YOUR INSTRUCTIONS: Return each entry word for word, without its pictures.

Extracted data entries
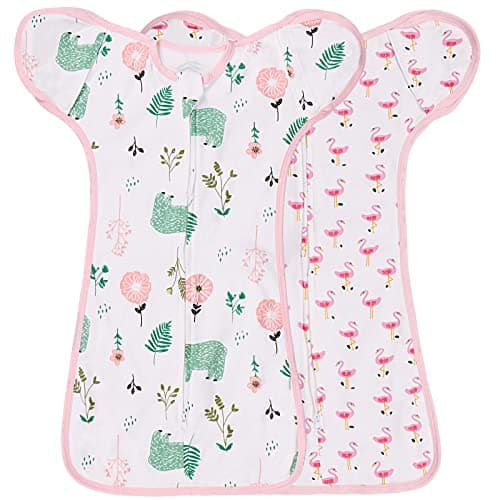 2 Pack Transition Swaddle with 2 Way Zipper, 2 in 1 Arms in/Out Transitional Arms Up Swaddle, 100% Cotton Newborn Swaddles Zipper Swaddles Baby Swaddling Sack Sleep Sack 0-3 Months, Flamingo & Bear - Image 1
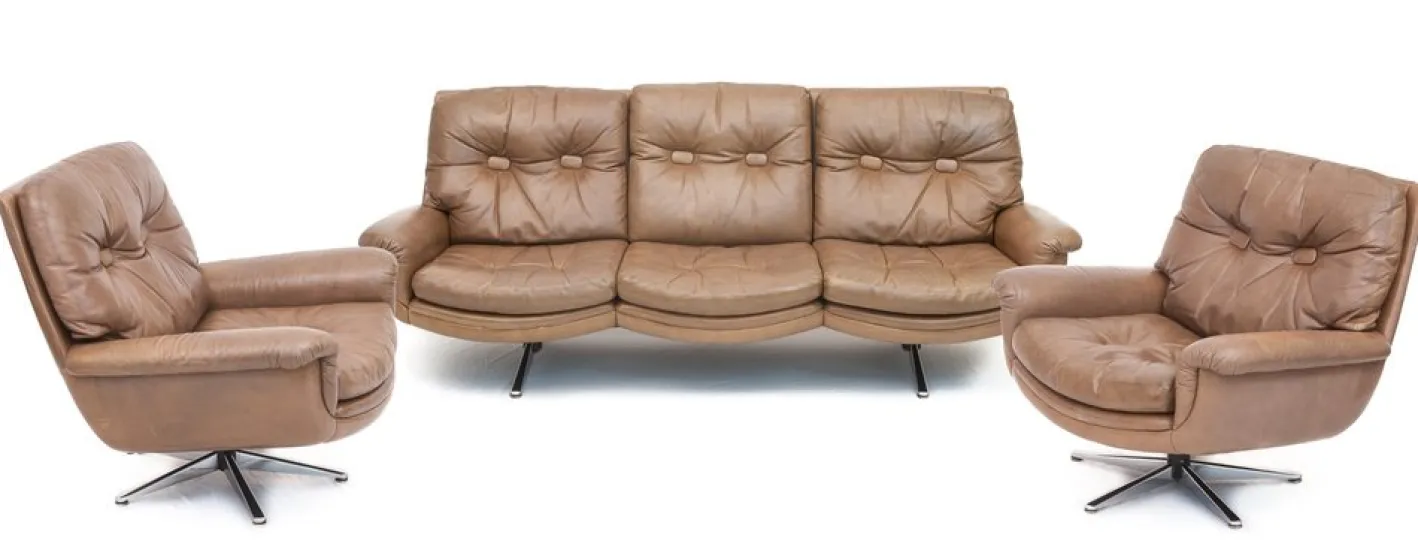 DS 31 Sofa & Drehsessel aus Leder von de Sede, 1960er, 3er Set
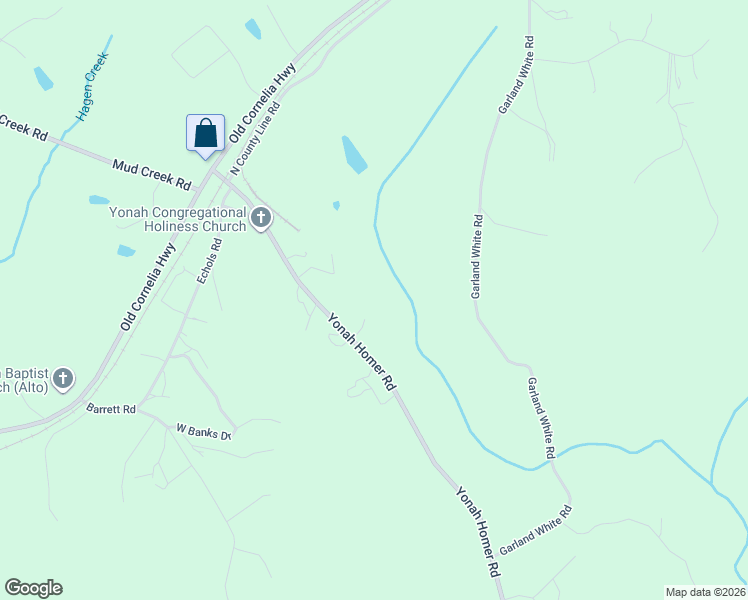 map of restaurants, bars, coffee shops, grocery stores, and more near 5388 Yonah Homer Road in Alto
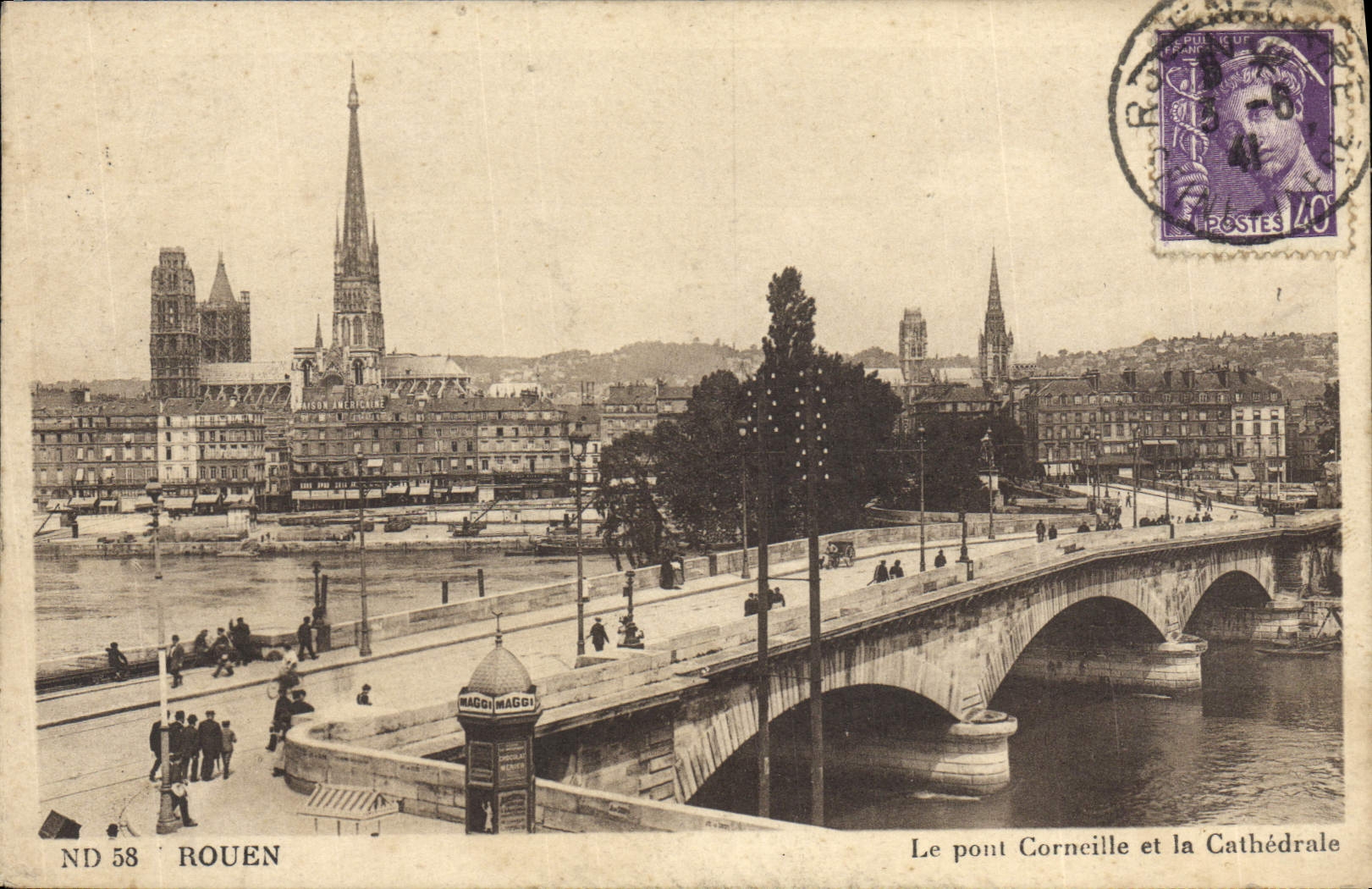 VINTAGE POSTCARD Rouen the Bridge Crow of the Cathedral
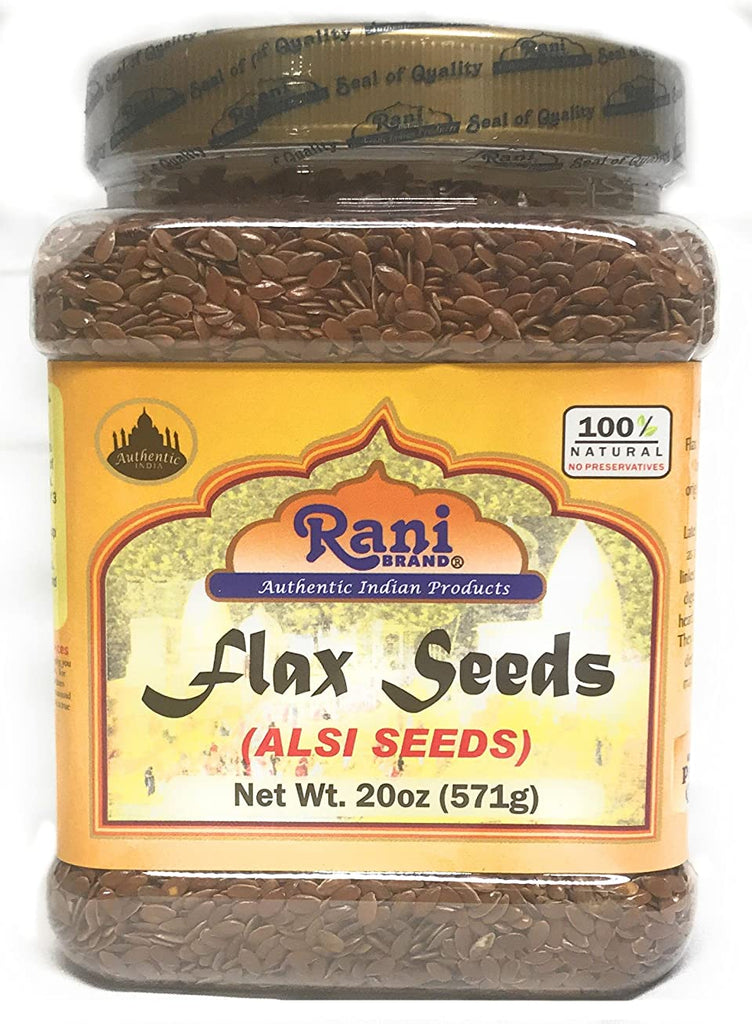 Rani Flax Seeds Whole Raw (Alsi, Linum usitatissimum) 20oz (567g) PET Jar | All Natural ~ Gluten Friendly | NON-GMO | Vegan | Indian Origin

ANSWER BOX:
 2 Pack Transition Swaddle with 2 Way Zipper, 2 in 1 Arms in/Out Transitional Arms Up Swaddle, 100% Cotton Newborn Swaddles Zipper Swaddles Baby Swaddling Sack Sleep Sack 0-3 Months, Flamingo & Bear - Image 1
 DS 31 Sofa & Drehsessel aus Leder von de Sede, 1960er, 3er Set
 map of restaurants, bars, coffee shops, grocery stores, and more near 5388 Yonah Homer Road in Alto
 VINTAGE POSTCARD Rouen the Bridge Crow of the Cathedral
 Rani Flax Seeds Whole Raw (Alsi, Linum usitatissimum) 20oz (567g) PET Jar | All Natural ~ Gluten Friendly | NON-GMO | Vegan | Indian Origin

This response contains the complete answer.